**Task goal**
None of the pictures should be copied, though every line of the listing must be printed exactly.

**Collected material**
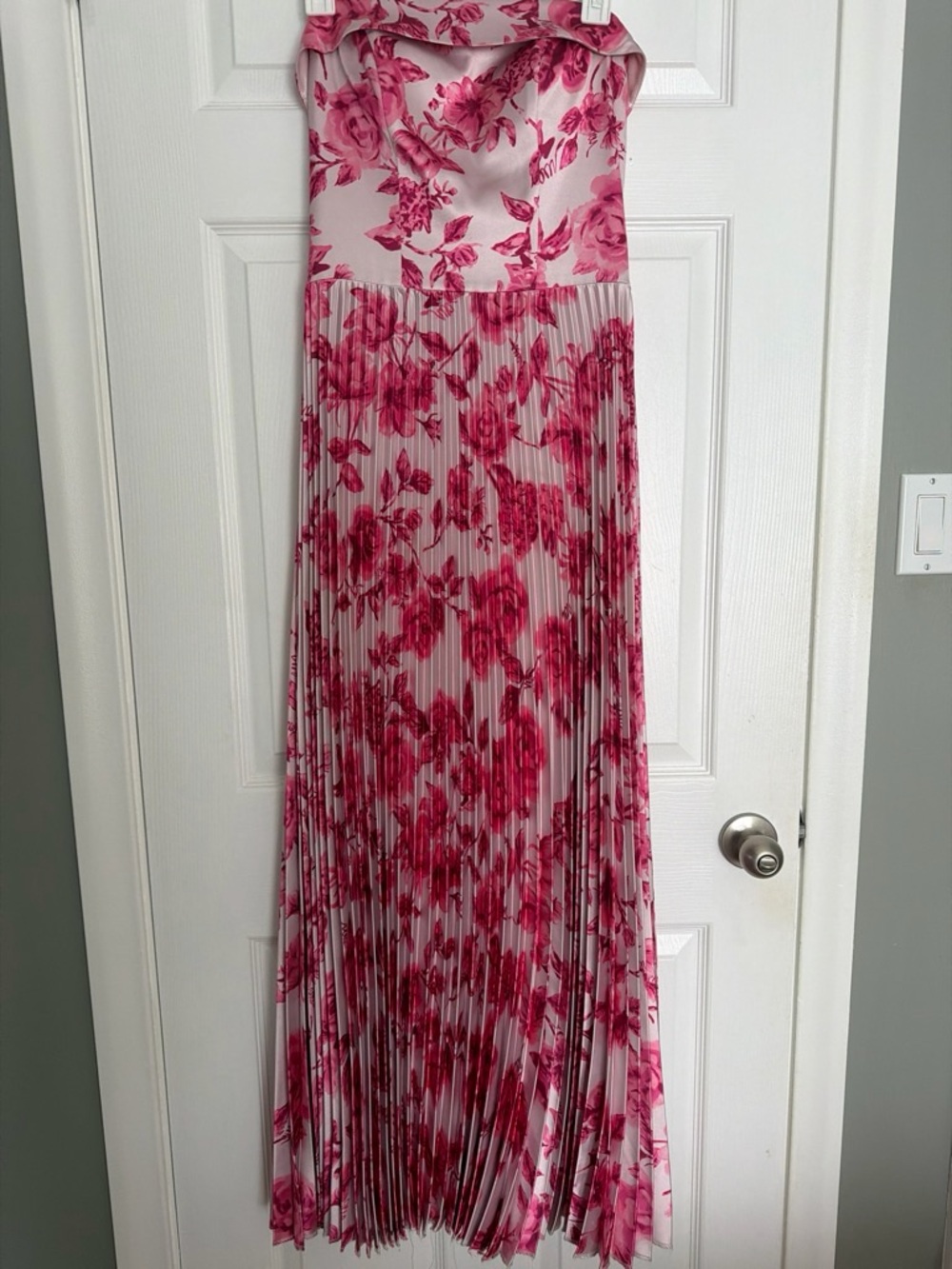 Revelry Hot Pink Garden Pleated Maxi Skirt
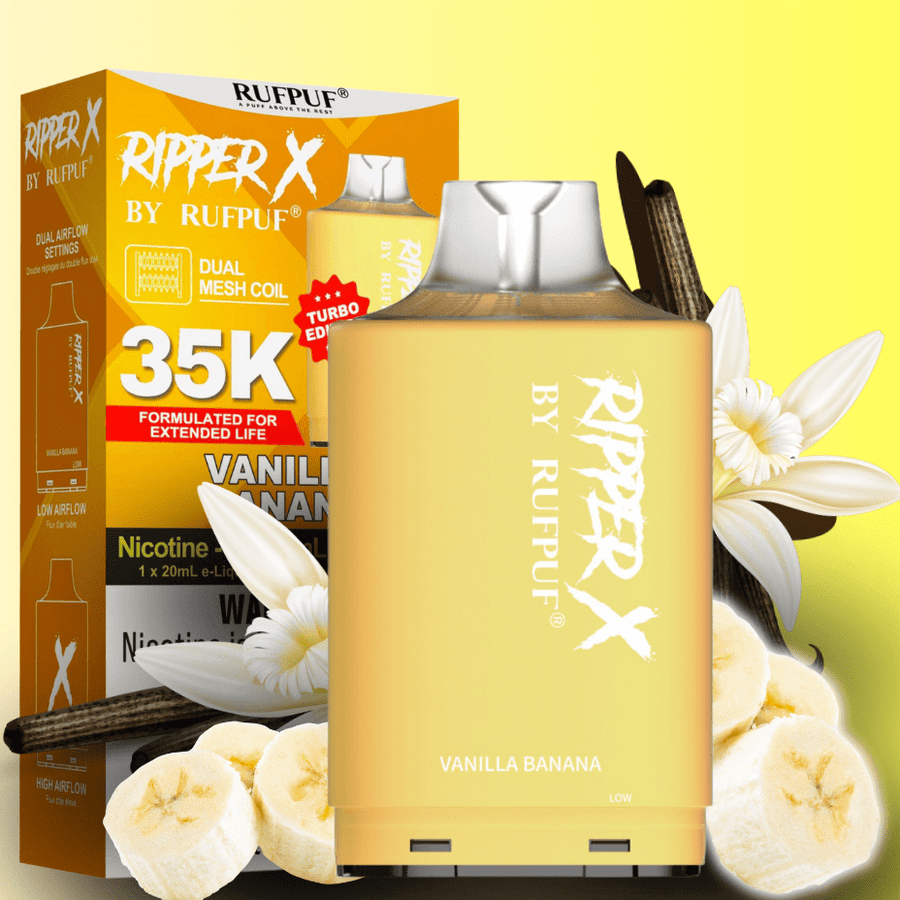 RufPuf Ripper X 35K - Vanilla Banana 20mg / 35000 Puffs Winkler Vape SuperStore and Bong Shop Manitoba Canada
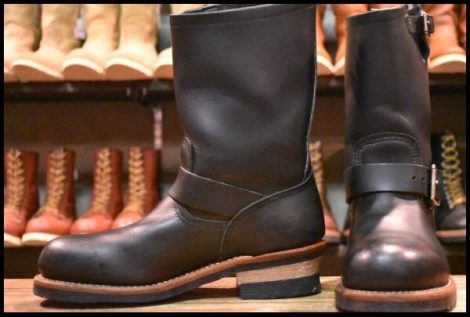 【6.5D 良品 10年】レッドウィング 2268 エンジニア 黒 ブラッククローム スチールトゥ ブーツ redwing HOPESMORE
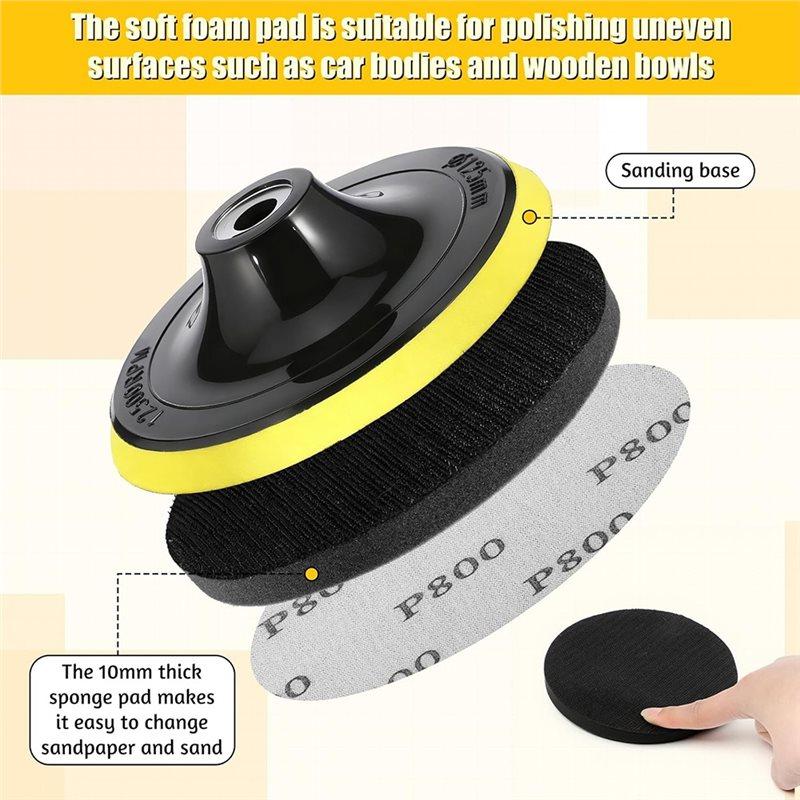 ABWR-For Wood Metal Polishing Sanding Discs Kit- 54 PCS 5 Inch Sandpapers With Foam Backing Pad, 400 To 5000 Grits, Wet Dry Incl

**The answer**
 Revelry Hot Pink Garden Pleated Maxi Skirt
 RufPuf Ripper X 35K - Vanilla Banana 20mg / 35000 Puffs Winkler Vape SuperStore and Bong Shop Manitoba Canada
 【6.5D 良品 10年】レッドウィング 2268 エンジニア 黒 ブラッククローム スチールトゥ ブーツ redwing HOPESMORE
 ABWR-For Wood Metal Polishing Sanding Discs Kit- 54 PCS 5 Inch Sandpapers With Foam Backing Pad, 400 To 5000 Grits, Wet Dry Incl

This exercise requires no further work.